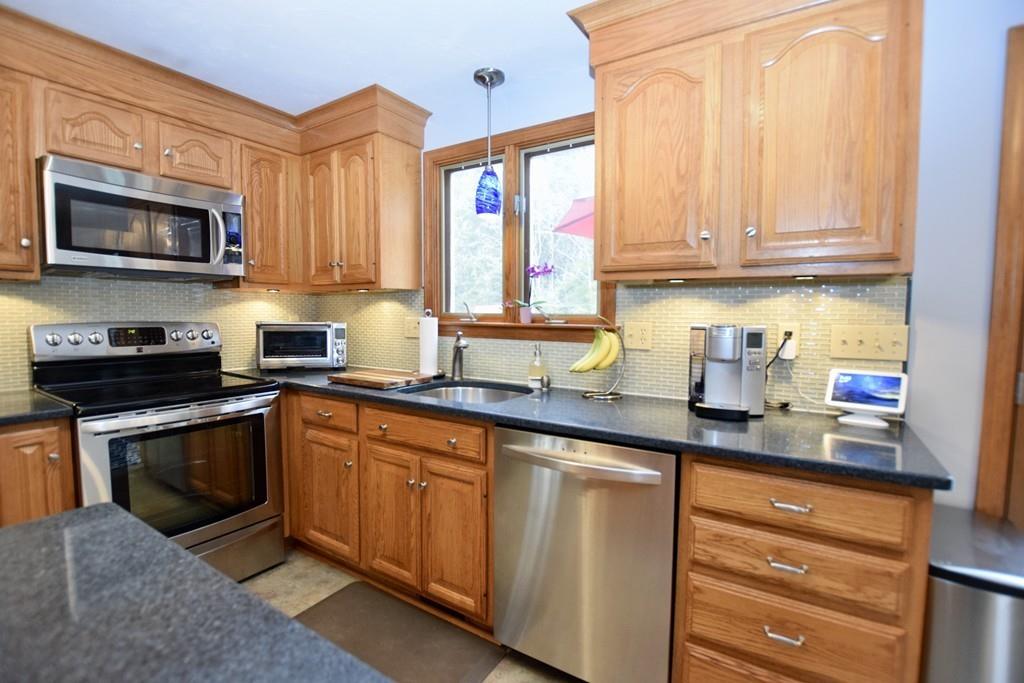 6 Bittersweet Road Lakeville, MA 02347 - Photo 10 of 39 Gallery Image 10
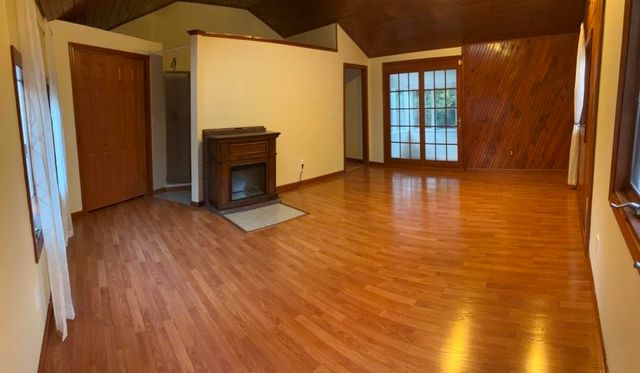 91 Hayward Ave, Brockton, MA 02301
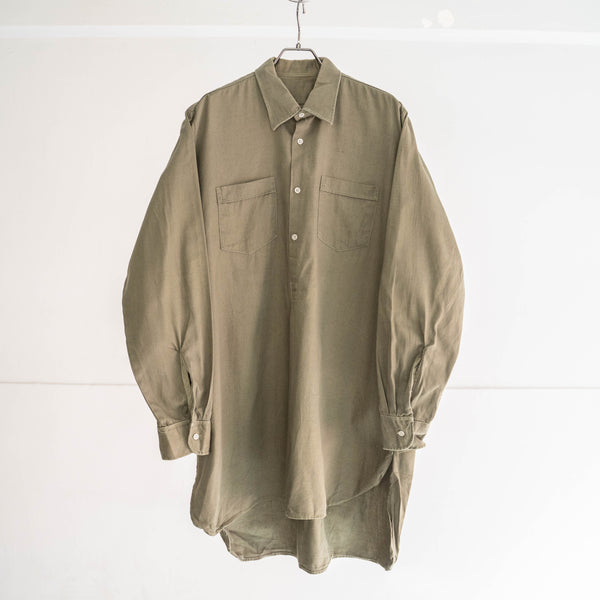 1970-80s olive green color military? two pocket grandpa shirt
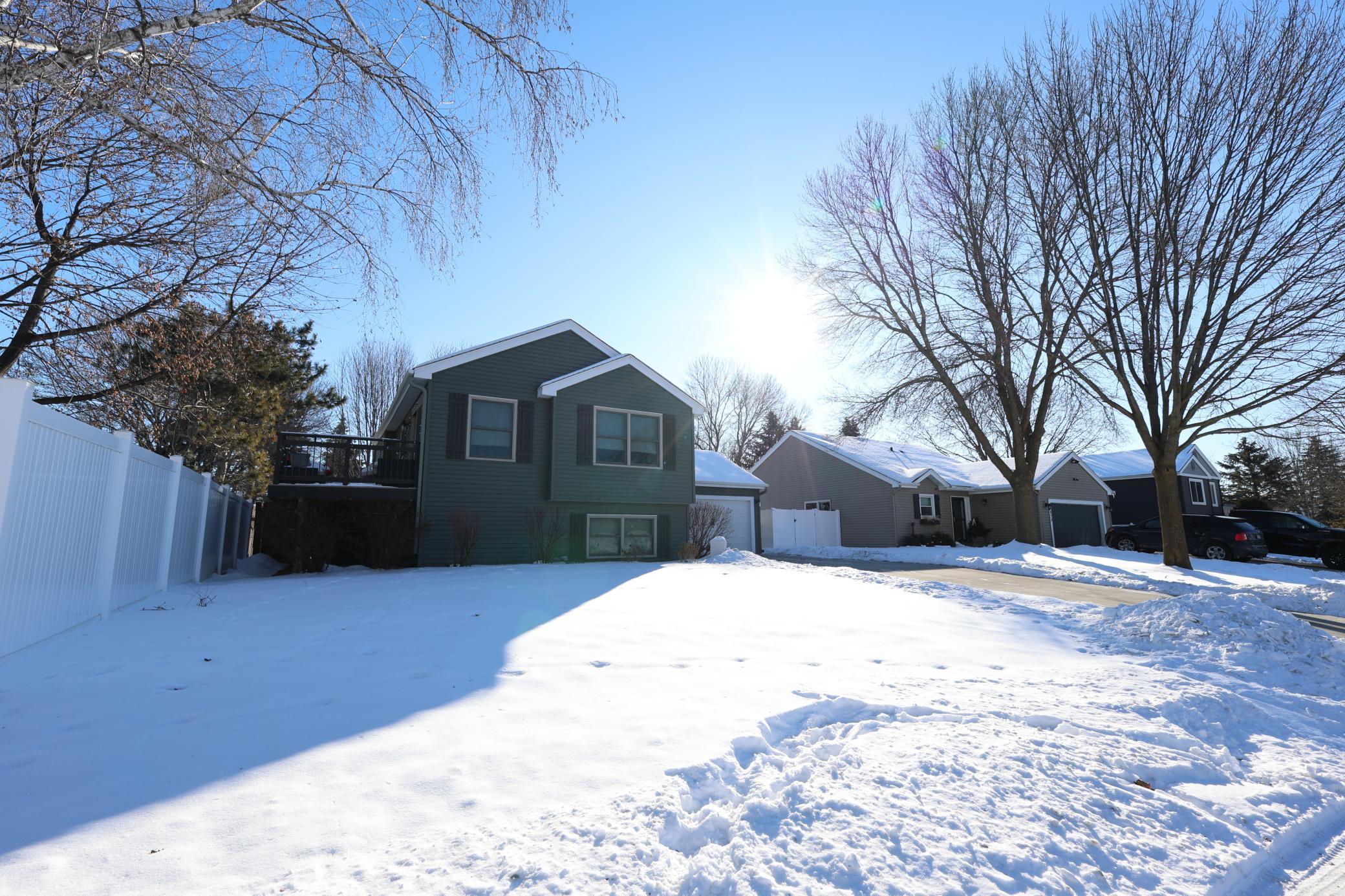 3887 Hallmark Avenue, Saint Paul, Minnesota image 31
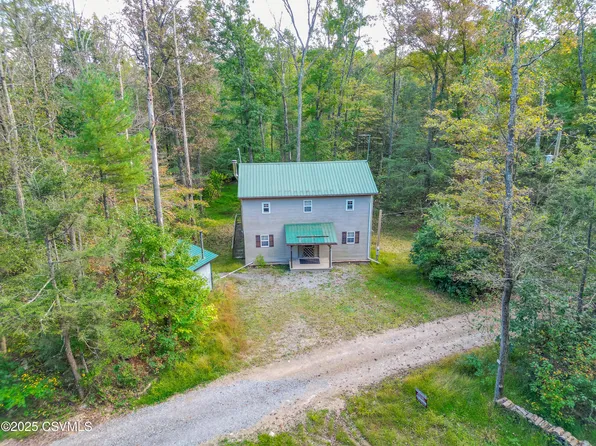 579 Mossy Oak Ln, Mifflinburg, PA 17844
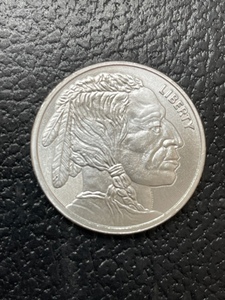 lot 51 image: 1 Ounce .999 Fine Silver Round
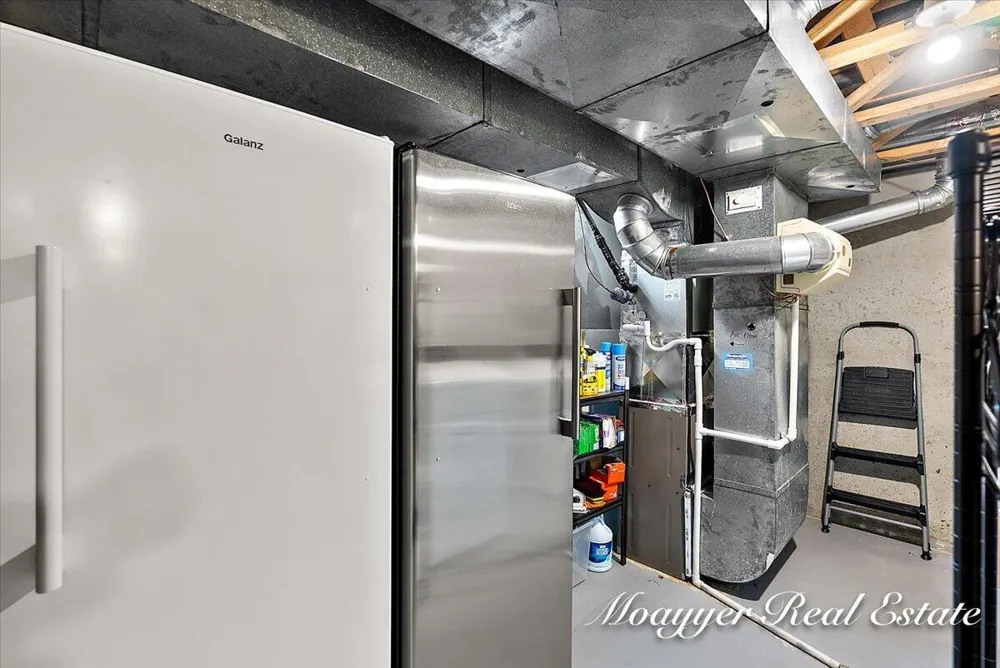 5895 Leisure South Drive SE Kentwood City, MI 49548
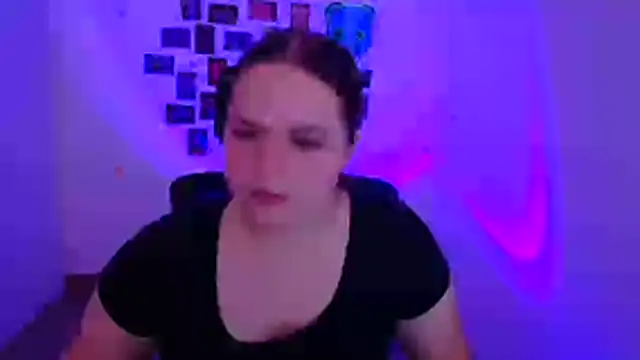 Kitty_Mia_Kitty Adlı Modelin Canlı XXX Sohbeti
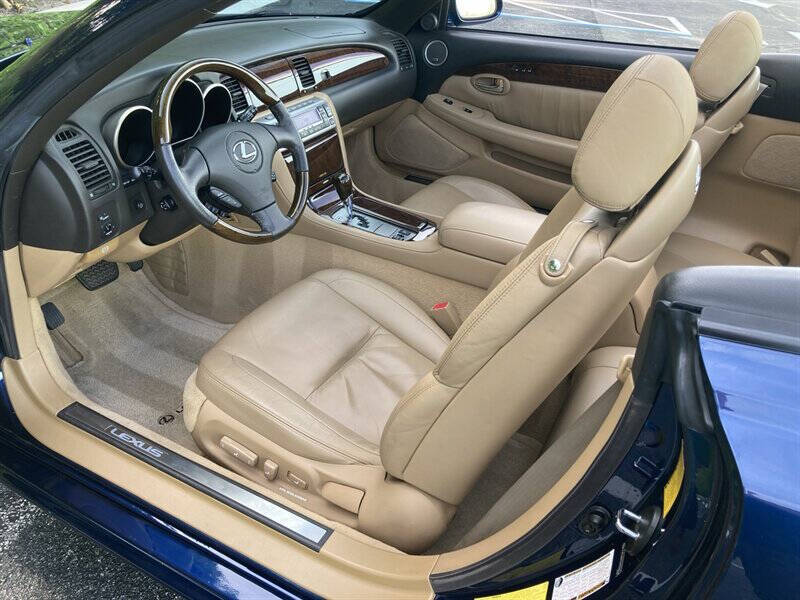 2006 Lexus SC 430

● YOUR INSTRUCTIONS
Retype the whole listing exactly and leave the pictures out.

● RESPONSE
 6 Bittersweet Road Lakeville, MA 02347 - Photo 10 of 39 Gallery Image 10
 91 Hayward Ave, Brockton, MA 02301
 1970-80s olive green color military? two pocket grandpa shirt
 3887 Hallmark Avenue, Saint Paul, Minnesota image 31
 579 Mossy Oak Ln, Mifflinburg, PA 17844
 lot 51 image: 1 Ounce .999 Fine Silver Round
 5895 Leisure South Drive SE Kentwood City, MI 49548
 Kitty_Mia_Kitty Adlı Modelin Canlı XXX Sohbeti
 2006 Lexus SC 430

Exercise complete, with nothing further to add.